Navigation
This version of the documentation is archived and no longer supported.

Collations

Overview

New in version 3.4.

Collations are sets of rules for how to compare strings, typically in a particular natural language.

For example, in Canadian French, the last accent in a given word determines the sorting order.

Consider the following French words:

cote < coté < côte < côté

The sort order using the Canadian French collation would result in the following:

cote < côte < coté < côté

If collation is unspecified, MongoDB uses the simple binary comparison for strings. As such, the sort order of the words would be:

cote < coté < côte < côté

Usage

You can specify a default collation for collections and indexes when they are created, or specify a collation for CRUD operations and aggregations. For operations that support collation, MongoDB uses the collection’s default collation unless the operation specifies a different collation.

Collation Parameters

'collation' => {
   'locale' => <string>,
   'caseLevel' => <bool>,
   'caseFirst' => <string>,
   'strength' => <int>,
   'numericOrdering' => <bool>,
   'alternate' => <string>,
   'maxVariable' => <string>,
   'normalization' => <bool>,
   'backwards' => <bool>
}

The only required parameter is locale, which the server parses as an ICU format locale ID. For example, set locale to en_US to represent US English or fr_CA to represent Canadian French.

For a complete description of the available parameters, see the MongoDB manual entry.

Assign a Default Collation to a Collection

The following example creates a new collection called contacts on the test database and assigns a default collation with the fr_CA locale. Specifying a collation when you create the collection ensures that all operations involving a query that are run against the contacts collection use the fr_CA collation, unless the query specifies another collation. Any indexes on the new collection also inherit the default collation, unless the creation command specifies another collation.
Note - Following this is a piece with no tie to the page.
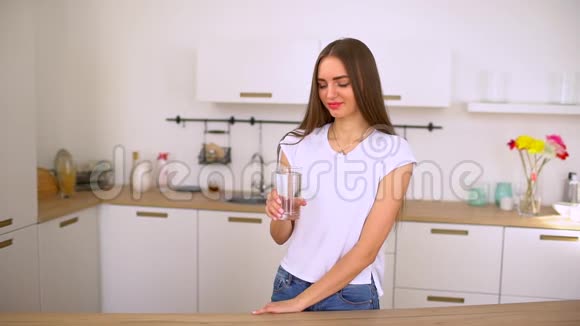年轻可爱的女孩从玻璃杯里喝净水皮肤的纯度一幅20多岁的白牙女士的阳光画像视频的预览图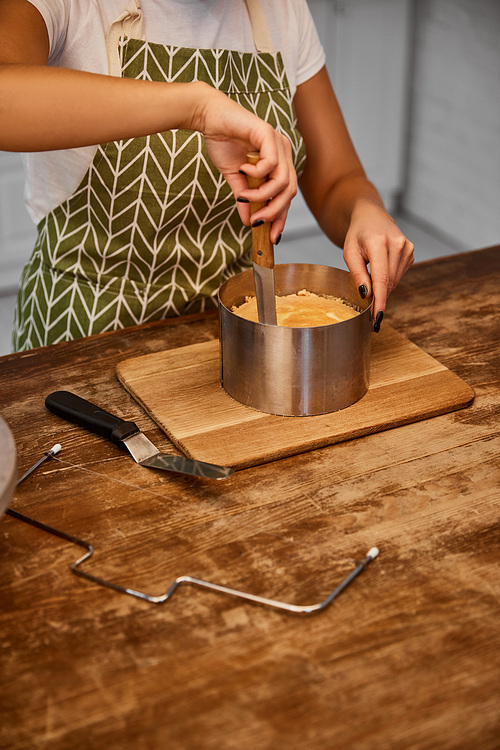 Partial view of confectioner cutting cake with knife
client = Mongo::Client.new([ "127.0.0.1:27017" ], :database => "test")
client[:contacts, { "collation" => { "locale" => "fr_CA" } } ].create

Assign a Collation to an Index

To specify a collation for an index, use the collation option when you create the index.

The following example creates an index on the name field of the address_book collection, with the unique parameter enabled and a default collation with locale set to en_US.

client = Mongo::Client.new([ "127.0.0.1:27017" ], :database => "test")
client[:address_book].indexes.create_one( { "first_name" => 1 },
                                        "unique" => true,
                                        "collation" => { "locale" => "en_US" }
                                       )

To use this index, make sure your queries also specify the same collation. The following query uses the above index:

client[:address_book].find({"first_name" : "Adam" },
                            "collation" => { "locale" => "en_US" })

The following queries do NOT use the index. The first query uses no collation, and the second uses a collation with a different strength value than the collation on the index.

client[:address_book].find({"first_name" : "Adam" })

client[:address_book].find({"first_name" : "Adam" },
                            "collation" => { "locale" => "en_US", "strength" => 2 })

Operations that Support Collation

All reading, updating, and deleting methods support collation. Some examples are listed below.

find() and sort()

Individual queries can specify a collation to use when matching and sorting results. The following query and sort operation uses a German collation with the locale parameter set to de.

client = Mongo::Client.new([ "127.0.0.1:27017" ], :database => "test")
docs = client[:contacts].find({ "city" => "New York" },
  { "collation" => { "locale" => "de" } }).sort( "name" => 1 )

find_one_and_update()

A collection called names contains the following documents:

{ "_id" : 1, "first_name" : "Hans" }
{ "_id" : 2, "first_name" : "Gunter" }
{ "_id" : 3, "first_name" : "Günter" }
{ "_id" : 4, "first_name" : "Jürgen" }

The following find_one_and_update operation on the collection does not specify a collation.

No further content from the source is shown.